American artist Winslow Homer is best known for his work in oil and watercolor, but he began his career in the newsroom making images for illustrated periodicals. As a young artist, Homer contributed to Ballou’s Pictorial in Boston, and famously covered the Civil War for Harper’s Weekly. This chapter in Homer’s life is well studied: scholars have catalogued his illustrations, considered the relationship between his graphic work and his paintings, and closely examined the places, people, and events he depicted during and after his three trips to the front. 

But the Civil War is not the only context that informs Homer’s early work. The artist contributed to Harper’s at a revolutionary moment in the history of journalism, when a new type of publication, the illustrated weekly, offered Americans topical, timely images of current events for the first time. In the 1850s a group of Boston and New York entrepreneurs took advantage of innovative printing technologies to publish the news in this new, image-rich format. Unlike daily newspapers, with their columns upon columns of unbroken text, illustrated weekly journals like Harper’s, Frank Leslie’s Illustrated Newspaper,and the New York Illustrated News presented illustrations of current events alongside written reports. “Worldwide, in little more than a decade, [the weeklies] . . . altered the face of magazine journalism,” wrote art historian David Tatham. For the first time, it was possible to see as well as to read the news of the day.
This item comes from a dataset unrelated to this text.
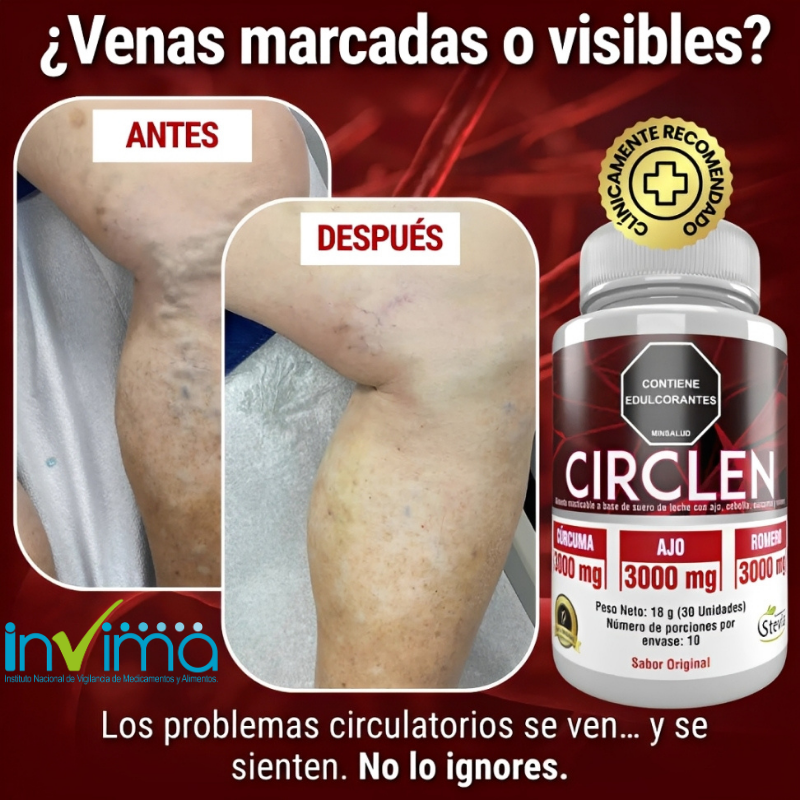 CIRCLENX30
Fig. 2. The Army of the Potomac–A Sharp-Shooter on Picket Duty after Homer, published in Harper’s Weekly, November 15, 1862. Signed “Homer” at lower right. Wood engraving, 9 1/8 by 13 3/4 inches. Except as noted, all objects illustrated are in the collection of the Harvard Art Museums/Fogg Museum, © President and Fellows of Harvard College. Anonymous Fund for the Acquisition of Prints Older than 150 Years.

When we think of an image of a current event, we think of the camera and the intrepid photojournalist. Photographers were active in the mid-nineteenth century, but photography had not yet matured into a mass-media technology. Photographs were difficult to reproduce in print, and photographic equipment was cumbersome and incapable of capturing moving subjects. Artists, however, could be dispatched to the scene to sketch, and the weeklies relied on teams of draftsmen to prepare their drawings for publication. The artists’ stature and importance increased during the Civil War, when Northerners were desperate for up-to-date reports from, and images of, the front lines. In Beyond the Lines, his study of “pictorial reporting,” Joshua Brown explains thathistorians of the Civil War have recognized its visualization as a unique feature of the conflict.” Eager for “pictures that conveyed stories and visual evidence about the progress of the war,” readers gravitated toward the weeklies, and their circulation (and profits) swelled as the conflict ran its course. 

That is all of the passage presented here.